> _REQUIRED ACTION_
What is needed is an exact copy of the records, with the images left out.

─── PROVIDED ENTRIES

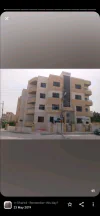 شقة في ضاحية الرشيد قرب مدارس المنهل  - 138,000 دأ - صورة NaN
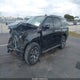 1GNSKPKD6PR555107 2023 Chevrolet Tahoe 4Wd Z71 auction photo thumbnail 2
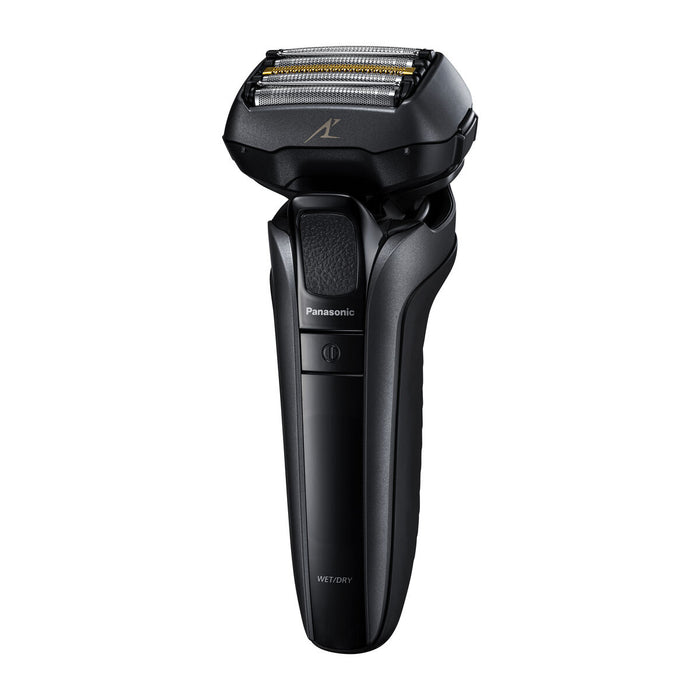 Electric shaver Panasonic ES-LV6U-K803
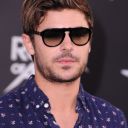 zac-efron-rock-of-ages-los-angeles-premiere-5.jpg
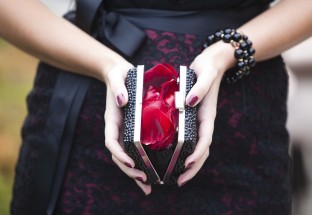 Intern Nation: Part&nbsp;II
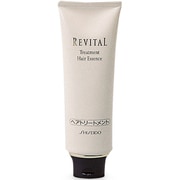 リバイタル トリートメント ヘアエッセンスN [洗い流さないヘアトリートメント]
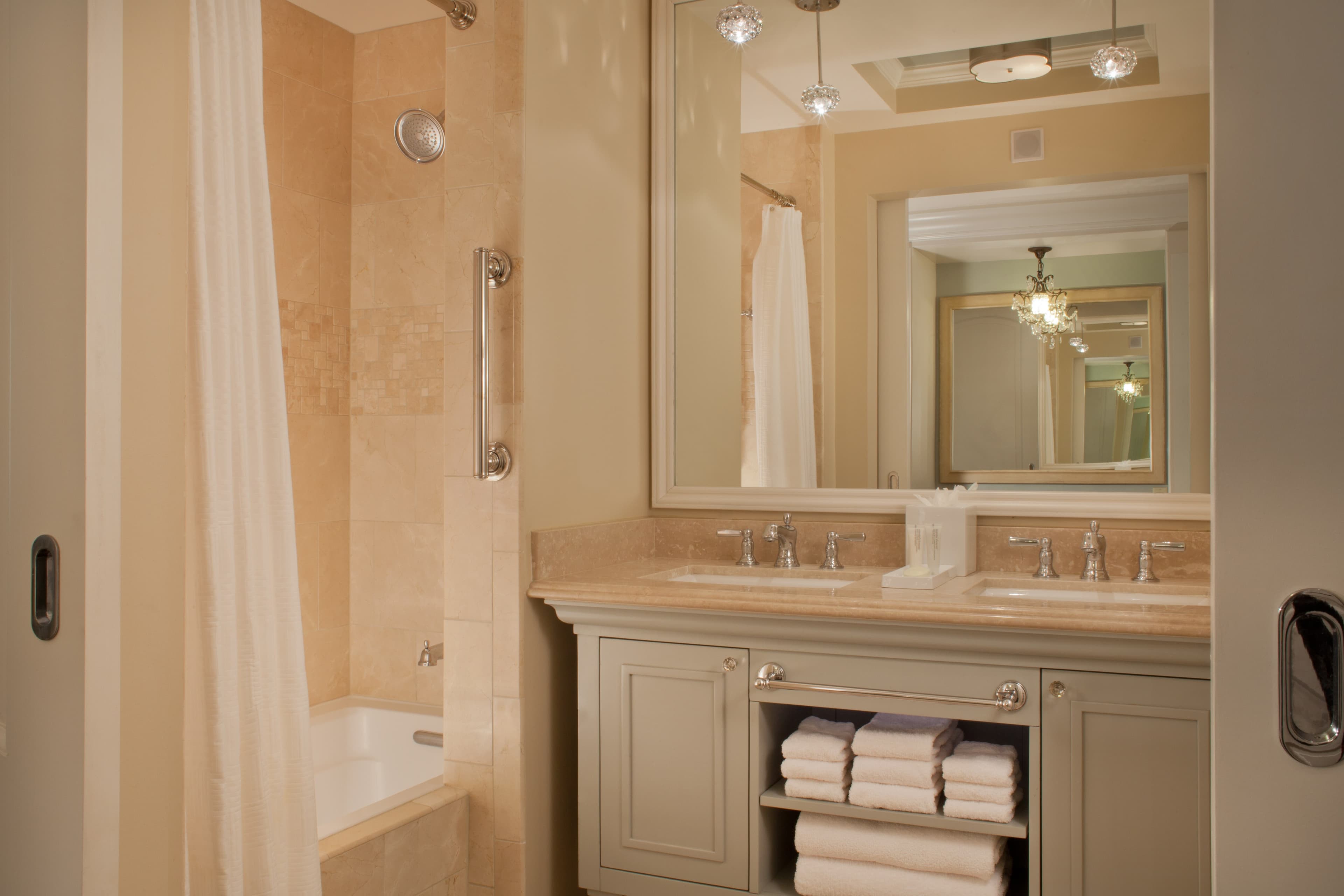 Bluegreen Vacations Eilan Hotel and Spa, an Ascend Collection Resort - Image 3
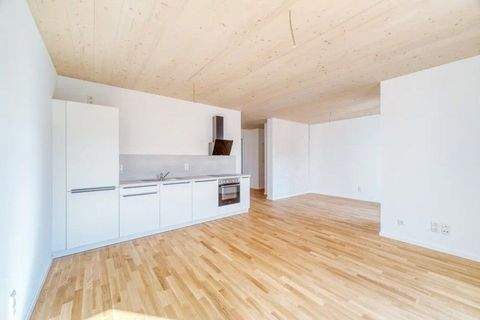 Berlin Wohnungen, Berlin Wohnung mieten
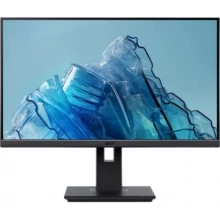 Монитор 27" ACER B277bmiprzx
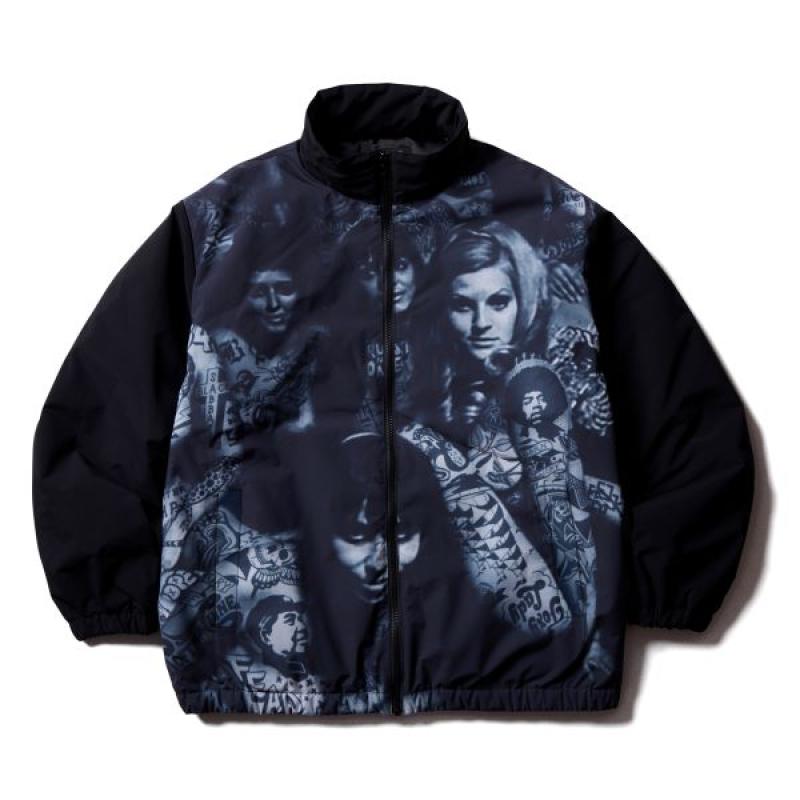 SOFTMACHINE(եȥޥ)LADY LAND JK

──────

> _EXPECTED ANSWER_
 شقة في ضاحية الرشيد قرب مدارس المنهل  - 138,000 دأ - صورة NaN
 1GNSKPKD6PR555107 2023 Chevrolet Tahoe 4Wd Z71 auction photo thumbnail 2
 Electric shaver Panasonic ES-LV6U-K803
 zac-efron-rock-of-ages-los-angeles-premiere-5.jpg
 Intern Nation: Part&nbsp;II
 リバイタル トリートメント ヘアエッセンスN [洗い流さないヘアトリートメント]
 Bluegreen Vacations Eilan Hotel and Spa, an Ascend Collection Resort - Image 3
 Berlin Wohnungen, Berlin Wohnung mieten
 Монитор 27" ACER B277bmiprzx
 SOFTMACHINE(եȥޥ)LADY LAND JK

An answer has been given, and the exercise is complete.